The word "pair" is used here ...
The term "pair" is used here ...
(Sorry, very nitpicky.)
> + * (3 bits in a single cell). A pair should regroup all pages that are sharing
> + * the same cell. Pairs are then indexed in ascending order.
> + *
> + * @group is defining the position of a page in a given pair. It can also be
> + * seen as the bit position in the cell: page attached to bit 0 belongs to
> + * group 0, page attached to bit 1 belongs to group 1, etc.
> + *
> + * Example:
> + * The H27UCG8T2BTR-BC datasheet describes the following pairing scheme:
> + *
> + * group-0 group-1
> + *
> + * pair-0 page-0 page-4
> + * pair-1 page-1 page-5
> + * pair-2 page-2 page-8
> + * ...
> + * pair-127 page-251 page-255
> + *
> + *
> + * Note that the "group" and "pair" terms were extracted from Samsung and
> + * Hynix datasheets, and might be referenced under other names in other
> + * datasheets (Micron is describing this concept as "shared pages").

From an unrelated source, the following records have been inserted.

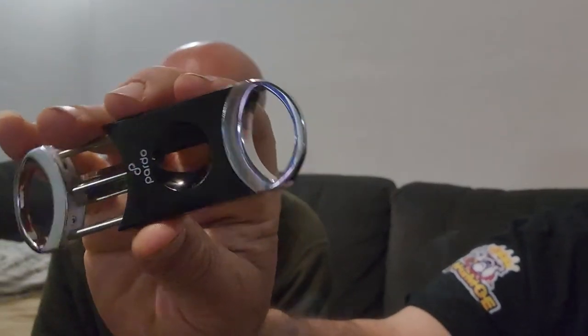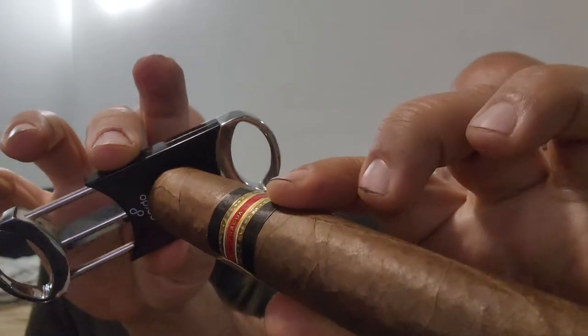Mo suggests using the biggest diameter hole punch available. Mo says he'll go ahead and do it for Bama, but asks him to moisten the tip first for a cleaner cut. Mo notes he was never in love with the V-cut himself. He explains: with a larger diameter punch you get almost as much surface area as a deep V-cut, but the smaller punch doesn't pull as well. He goes ahead and hole-punches it.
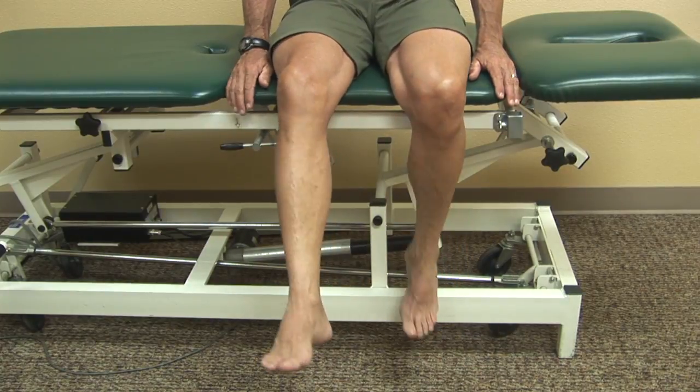Dr. John Sievert here with movementmedicine.solutions. Today I'm going to show you how to improve mobility of the knee and give it some relief when you have a painful swollen knee from overuse.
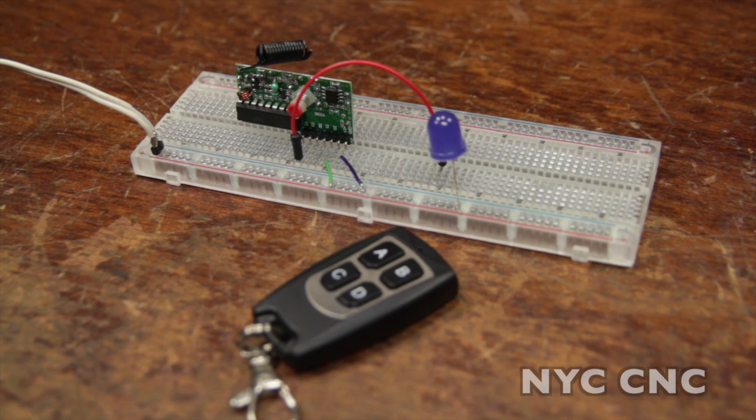Hi folks, welcome to another episode of NYC CNC. You guys know I love electronics, I love Arduinos and Raspberry Pis, and I like trying to stay in touch with the trends and what's going on. Every once in a while though, something really gets me excited, and this is one of those things.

Very, very helpful (to me, even though I'm moderately familiar with the
concepts, but hopefully moreso for others who want to read and
understand this). Thanks for writing this up.
> + */
> +struct mtd_pairing_info {
> + int pair;
> + int group;
> +};
> +
> +/**
> + * struct mtd_pairing_scheme - page pairing scheme description
> + *
> + * @ngroups: number of groups. Should be related to the number of bits
> + * per cell.
> + * @get_info: converts a write-unit (page number within an erase block) into
> + * mtd_pairing information (pair + group). This function should
> + * fill the info parameter based on the wunit index.
> + * @get_wunit: converts pairing information into a write-unit (page) number.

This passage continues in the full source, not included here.